▸ **What you will do**:
Filter the records below, keeping only lines with the string "Cross".

__________________________________________________

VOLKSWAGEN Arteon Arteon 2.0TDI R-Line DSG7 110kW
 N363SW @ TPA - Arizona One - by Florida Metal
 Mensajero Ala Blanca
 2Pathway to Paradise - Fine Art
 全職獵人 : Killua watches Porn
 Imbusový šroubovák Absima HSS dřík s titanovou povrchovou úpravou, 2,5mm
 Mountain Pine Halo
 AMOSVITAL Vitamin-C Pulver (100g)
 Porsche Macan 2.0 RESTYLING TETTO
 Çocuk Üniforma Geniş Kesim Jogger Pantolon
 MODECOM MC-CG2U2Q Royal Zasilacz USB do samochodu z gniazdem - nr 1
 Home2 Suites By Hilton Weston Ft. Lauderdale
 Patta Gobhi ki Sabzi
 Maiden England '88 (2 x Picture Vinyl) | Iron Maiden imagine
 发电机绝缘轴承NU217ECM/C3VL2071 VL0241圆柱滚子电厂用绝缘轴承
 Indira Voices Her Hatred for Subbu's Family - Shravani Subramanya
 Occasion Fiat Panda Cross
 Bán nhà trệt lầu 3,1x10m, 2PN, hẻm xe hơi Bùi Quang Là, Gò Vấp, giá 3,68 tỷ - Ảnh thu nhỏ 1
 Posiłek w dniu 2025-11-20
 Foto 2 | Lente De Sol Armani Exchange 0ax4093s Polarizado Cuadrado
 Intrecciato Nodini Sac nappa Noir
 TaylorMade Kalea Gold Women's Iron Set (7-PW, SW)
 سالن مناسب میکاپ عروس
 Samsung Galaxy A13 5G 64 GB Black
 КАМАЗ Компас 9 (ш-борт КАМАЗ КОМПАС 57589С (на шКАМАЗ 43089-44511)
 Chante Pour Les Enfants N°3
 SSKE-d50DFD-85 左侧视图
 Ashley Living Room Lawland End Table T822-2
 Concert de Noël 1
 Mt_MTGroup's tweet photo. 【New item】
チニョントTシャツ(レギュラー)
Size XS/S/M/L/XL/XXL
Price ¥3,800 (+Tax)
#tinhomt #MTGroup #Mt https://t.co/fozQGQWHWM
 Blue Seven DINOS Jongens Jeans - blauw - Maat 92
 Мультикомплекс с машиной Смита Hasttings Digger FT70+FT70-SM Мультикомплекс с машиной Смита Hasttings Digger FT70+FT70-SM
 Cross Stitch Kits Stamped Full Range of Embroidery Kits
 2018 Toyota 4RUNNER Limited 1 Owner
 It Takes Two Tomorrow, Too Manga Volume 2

__________________________________________________

▸ **Answer area**:
 Occasion Fiat Panda Cross
 Cross Stitch Kits Stamped Full Range of Embroidery Kits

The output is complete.